21 Comments  •  Comments Feed

  1. leaf says:

    I like the sound of this maftoul. Especially the rustic, organic, delicious ones you mention! I wonder if I can purchase them without getting intercepted by strict Australian customs…

  2. kate says:

    this looks like what we call M’hamsa or Berqokes here in Algeria. Some people also cook it in milk.

  3. Chiara says:

    It looks a lot like fregola, a type of home made pasta they make in Sardenia…

  4. Magda says:

    This is so interesting Joumana. I wish I could find it in Holland.
    That dish is beautiful btw.

  5. Trix says:

    Oooh, I checked out that site – looks like a lot of cool stuff on there. Including of course that homemade maftoul. I am so intrigued to smell it!

  6. Belinda @zomppa says:

    Now I’m going to have to go a hunt for these – love these hearty grains. Thanks for sharing!

  7. Mrs. Measurement says:

    I love maftool! I usually buy mine from the local Arabic grocery store but you’ve intrigued me with the organic maftool you buy online. Thank you so much for sharing the link. I will be sure to buy my maftool from this online site the next time.

  8. lisaiscooking says:

    Thanks for sharing this–I wasn’t familiar with maftoul. The handmade version you found online sounds lovely.

  9. Krista says:

    Incredible, Joumana! I can’t believe they make these tiny little bits by hand. 🙂 Thank you so much for letting us know where we can find it. I love having good resources!!

  10. domi says:

    Voyage en terre inconnue…

  11. Tracy Zhu says:

    I own the store you linked too and want to say thanks for mentioning us. We’re a small business and every bit helps! Your blog is lovely, both the recipes and the photography.
    Tracy Zhu

    • Joumana says:

      @Tracy: Thanks so much for leaving a comment; it will make ordering from your store all the more enjoyable! I am already eyeing those baskets from Darfur!

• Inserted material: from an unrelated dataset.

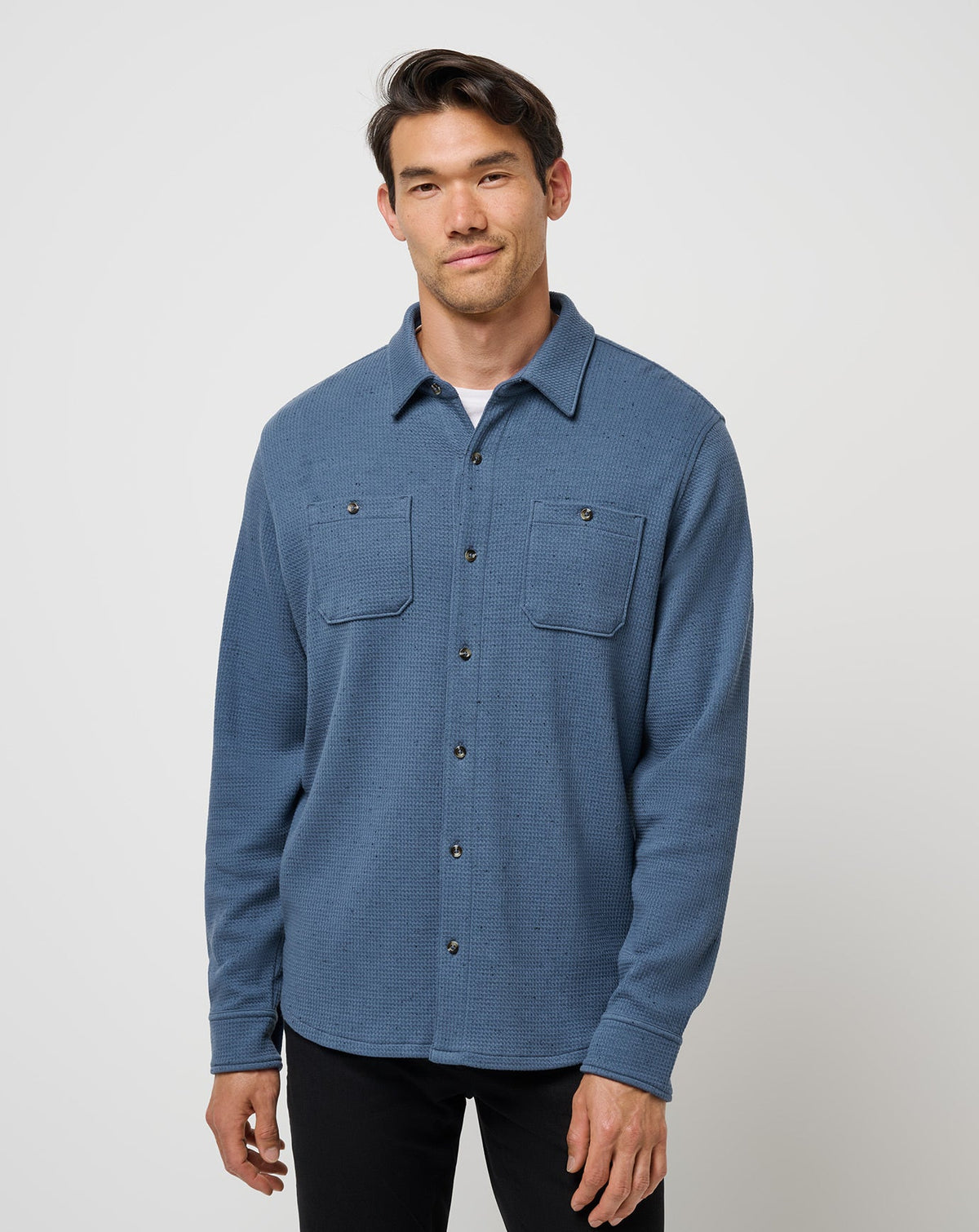 Cloud Waffle Shirt Jacket Bering Sea | Travis Mathew Trusted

  12. Tall Clover Farm says:

    Joumana, I always learned something and leave hungry when I visit you here at Taste of Beirut.

  13. Nuts about food says:

    Thank you for teaching me about maftoul.

  14. Alicia (Foodycat) says:

    How interesting! Maftoul sounds like something worth seeking out.

  15. heguiberto says:

    wow making these tiny little balls by hand? I’ve got to try your recipe with cranberry beans.

  16. Nadia says:

    You can also buy Palestinian Maftoul, hand made by the Women’s Cooperative, from Taste of Palestine, importers and distributors of Palestinian fine food…

    Link to the product:

  17. Lena says:

    @Ieaf: I bought some when Ivisited Bethlehem last month. It was in a sealed bag but had Arabic writing on it. The Australian customs thought it was freekeh so they let it through. I made it 2 days ago and was so happy. It took me back to my childhood when I lived in the middle east. My grandma used hand roll it and send it from Gaza and my mum used to cook it

  18. Hisham Assaad says:

    Being of Palestinian origin, my grandma used to roll maftoul on her own. She also taught my mom how to do it. They used to let us, as kids, help them so that we have something to do and not bother them. It was real fun.

    Now mom still does makes maftoul by hand. The store-bought maftoul is not the same, it is like small dough balls. I, hopefully, will make sure this tradition goes on.

  19. marta says:

    Is it possible to make salad without cooking maftoul, but only soaking some hours, like tabouleh?

    • Joumana says:

      @marta: I have done this with coarse bulgur; pouring boiling water on it for 15 minutes; it is possible to do this with maftoul I would imagine.